Yargıların önemli boyutlarından birisi dinde akli muhakemeye yer olmadığıdır. Bu teze göre, din zaten sahip olduğu dogmalar etrafında insanı çerçevelediği ve belirlediği için mü’minlerinden düşünmesini yani akletmesini istemez; sadece itaat etmesini ister. Ezber haline gelen ve sürekli tedavüle sokulan bu yargıyı bizzat dinlerin teolojileri bile yanlışlamaktadır. Söz gelimi; tarihsel süreçte bugüne kadar İslam’da kelam, fıkıh, tasavvuf, hadis ve tefsir söz konusu olduğunda aklın nasıl işletildiği daha iyi anlaşılır.
Din ile akıl arasındaki gerilimi ve buna dair söylemleri pekiştiren modern zamanlardır. Modern düşünce akla kendi özgül ağırlığının ötesinde bir işlev yüklerken, ondan hakikati bütünüyle ortaya koymasını beklemiştir. Modern düşüncede “akla” dair yüklemelerde şu temel problemlerin altını çizmeliyiz.
Birincisi, akıl işleyen objektif bir mekanizma olarak varsayılmıştır.

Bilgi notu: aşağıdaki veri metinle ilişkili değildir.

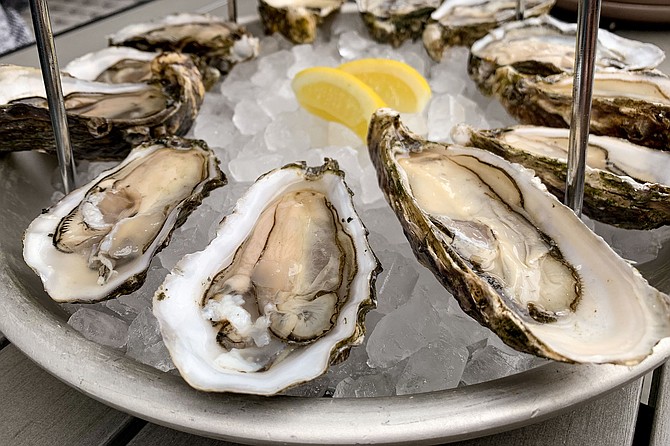 Oysters for a dollar apiece during Monday happy hour at Fort Oak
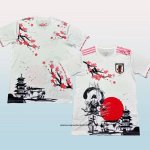 Camiseta Japon Anime Aamurai 24-25 Blanco Tailandia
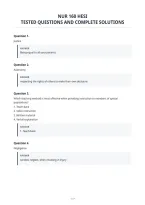 Nur 160 Hesi&NewLine;Tested Questions And Complete Solutions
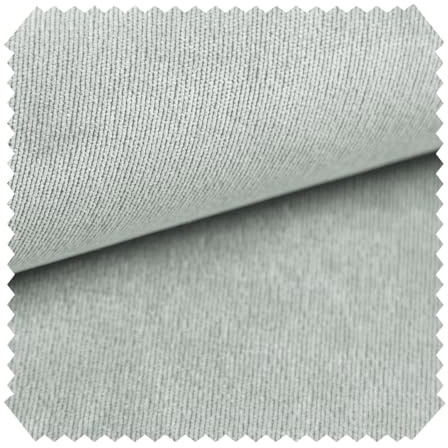 novely® ISSUM - Samtweicher Chenille-Möbelstoff - Sehr Robuster Polsterstoff - Pflegeleichte Meterware 1lfm | Farbe: 15 Hellgrau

Buna göre akıl, bir ucundan malzemeleri verilince diğer ucundan kesin sonuçlara bizi ulaştıran bir mekanizmadır. Halbuki aklın rasyonalize etme potansiyeli belirli referanslara bağlı olarak da çalışmaktadır. Bunun anlamı, aklın sürekli bir ideoloji ya da dini rasyonalize etmesi değildir; aynı zamanda kavram, ilişki ve anlamları mantık kuralları çerçevesinde sorgulaması ve analiz etmesidir.